Morreu hoje no Rio de Janeiro, aos 70 anos, a escritora, editora, cantora e fotógrafa carioca Elizabeth Villas-Boas Bravo, a Lizzie Bravo. Sua morte foi confirmada por sua filha, a cantora Marya, no Facebook. “And in the end, the love you take is equal to the love you make. Te amo mãe RIP”, escreveu Marya. A citação em inglês (“E no fim/O amor que você recebe/É igual/Ao amor que você dá”) é da música “The End”, dos Beatles, gravada no disco Abbey Road, em 1969.
Lizzie fez muitas coisas na vida, mas talvez aquela que lhe tenha garantido um lugar na eternidade foi a deliciosa aventura que empreendeu no começo do ano de 1967, quando o pai lhe deu uma viagem a Londres como presente de aniversário. Ela tinha 15 anos e queria ir à Inglaterra para conhecer os Beatles. Seu avião pousou no aeroporto de Heathrow às 7 horas e às 10 horas ela já tinha conseguido seu intento – Paul e John pararam para conversar com as fãs e ela foi apresentada como nova integrante da turma.
A partir dali, Lizzie se tornou uma das integrantes “oficiais” do mais constante grupo de fãs dos Beatles que batia ponto em frente aos famosos estúdios de Abbey Road. Essas fãs eram tão obsessivas que acabaram sendo apelidadas de “Apple Scruffs” (algo como As Largadas da Apple).
Um ano após sua chegada, em 4 de fevereiro de 1968 (ela persistiu em Londres trabalhando como babá e arrumadeira), Lizzie estava no mesmo lugar na frente do estúdio da Apple Corps quando Paul McCartney surgiu repentinamente na porta do estúdio e perguntou: “Quem de vocês consegue segurar uma nota aguda?”. Lizzie, que tinha cantado em coral e era soprano, levantou rapidamente a mão, assim como sua colega Gayleen Pease. As duas foram então levadas para dentro do estúdio para gravar os vocais da canção “Across the Universe”, de John Lennon. A canção tem quatro versões, e em uma delas está registrada a voz da menina do Brasil – curiosamente, segundo lembrou reportagem da BBC Brasil, é a versão com a voz das garotas que acabou sendo escolhida pela Nasa em fevereiro de 2008 para o envio de uma mensagem para a estrela Polaris, a 431 anos-luz da Terra, como um cartão de visitas interplanetário.

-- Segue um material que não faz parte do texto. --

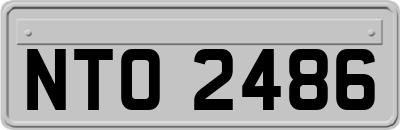 NTO2486
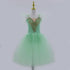 Professional Swan Lake Long Ballet Dresses for Girls childrensterritory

O guitarrista George Harrison fez uma canção para homenagear aquelas fãs especiais, que se mantiveram à frente dos estúdios até o final dos Beatles. “Apple Scruffs” foi gravada por Harrison em seu álbum de 1970, “All Things Must Pass”.
Em 1998, publiquei pela primeira vez em um jornal as fotos que Lizzie fez dos Beatles durante aqueles dois anos, entre 1967 e 1969.
Em 2015, Lizzie lançou o livro “Do Rio a Abbey Road“, com 300 páginas (e prefácio do jornalista e escritor britânico Mark Lewinsohn, expert no quarteto de Liverpool), no qual a autora reuniu não apenas as fotografias como também seu diário de adolescente que registrou os encontros com John, Paul, George e Ringo.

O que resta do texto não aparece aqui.